START Supplied information

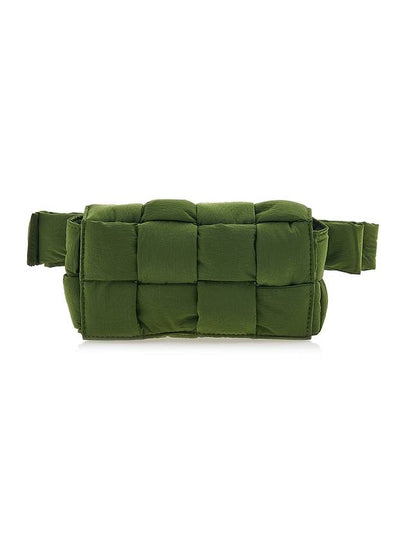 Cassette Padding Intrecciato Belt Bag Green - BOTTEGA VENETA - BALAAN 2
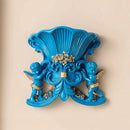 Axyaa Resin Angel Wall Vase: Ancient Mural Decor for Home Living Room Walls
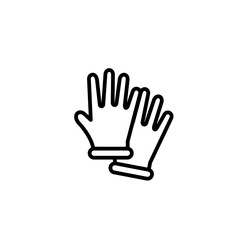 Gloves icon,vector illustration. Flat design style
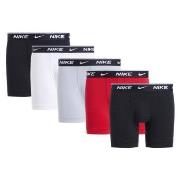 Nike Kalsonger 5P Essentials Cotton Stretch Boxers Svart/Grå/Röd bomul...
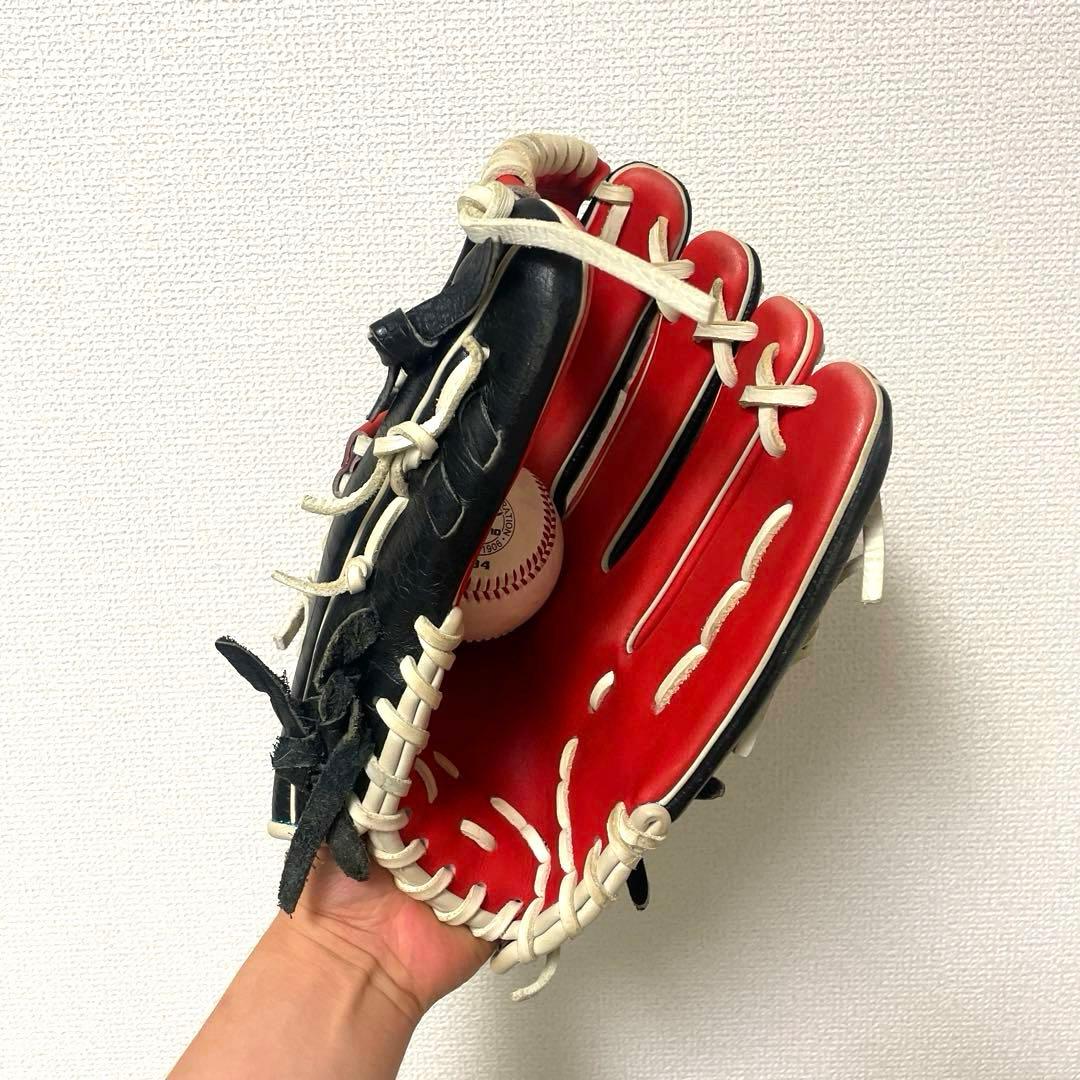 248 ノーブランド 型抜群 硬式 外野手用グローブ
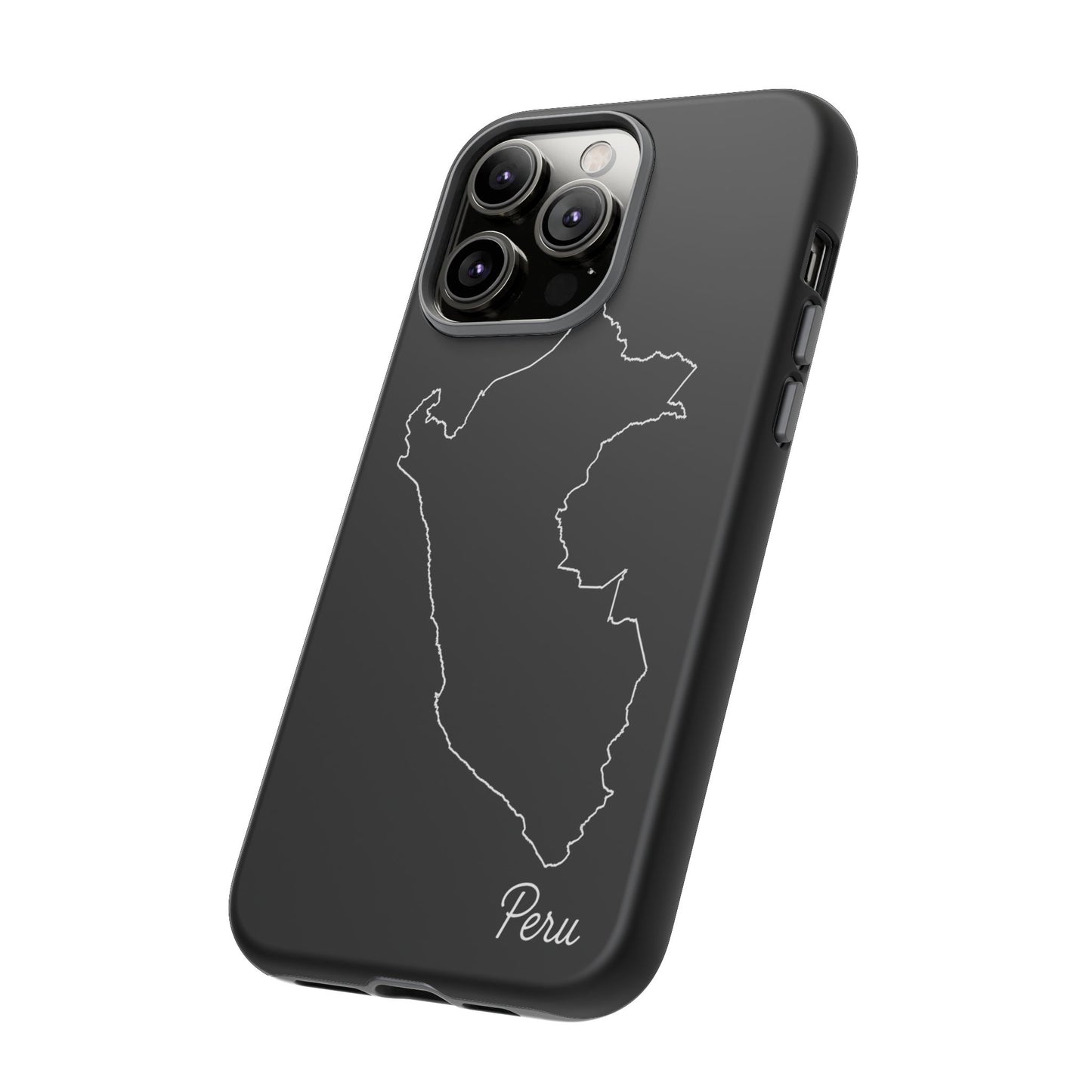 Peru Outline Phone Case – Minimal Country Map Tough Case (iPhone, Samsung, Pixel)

END Supplied information

Task brief:
Copy the whole of the material above exactly, but not its images.

Task solution:
 Cassette Padding Intrecciato Belt Bag Green - BOTTEGA VENETA - BALAAN 2
 Axyaa Resin Angel Wall Vase: Ancient Mural Decor for Home Living Room Walls
 Gloves icon,vector illustration. Flat design style
 Nike Kalsonger 5P Essentials Cotton Stretch Boxers Svart/Grå/Röd bomul...
 248 ノーブランド 型抜群 硬式 外野手用グローブ
 Peru Outline Phone Case – Minimal Country Map Tough Case (iPhone, Samsung, Pixel)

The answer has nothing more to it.